[Start of Attachment]

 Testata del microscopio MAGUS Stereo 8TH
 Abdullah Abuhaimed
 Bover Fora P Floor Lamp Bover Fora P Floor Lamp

[End of Attachment]

* Try it *
Repeat the entire listing exactly.

* Answer box *
 Testata del microscopio MAGUS Stereo 8TH
 Abdullah Abuhaimed
 Bover Fora P Floor Lamp Bover Fora P Floor Lamp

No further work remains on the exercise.